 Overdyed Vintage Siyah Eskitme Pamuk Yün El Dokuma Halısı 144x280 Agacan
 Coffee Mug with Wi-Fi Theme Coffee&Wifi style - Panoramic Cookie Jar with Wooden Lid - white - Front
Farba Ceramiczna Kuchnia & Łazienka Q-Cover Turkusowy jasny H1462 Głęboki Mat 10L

==

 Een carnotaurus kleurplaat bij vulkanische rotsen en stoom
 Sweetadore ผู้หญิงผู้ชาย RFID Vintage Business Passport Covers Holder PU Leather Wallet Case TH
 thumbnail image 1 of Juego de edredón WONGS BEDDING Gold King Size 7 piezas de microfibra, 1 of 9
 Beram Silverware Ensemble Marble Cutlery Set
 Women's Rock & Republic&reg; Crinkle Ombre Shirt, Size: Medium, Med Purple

What the task requires: From the listing above, output exactly the run of lines that starts with the line containing "thumbnail image 1" and ends with the line containing "Women's Rock &".

Finished exercise:
 thumbnail image 1 of Juego de edredón WONGS BEDDING Gold King Size 7 piezas de microfibra, 1 of 9
 Beram Silverware Ensemble Marble Cutlery Set
 Women's Rock & Republic&reg; Crinkle Ombre Shirt, Size: Medium, Med Purple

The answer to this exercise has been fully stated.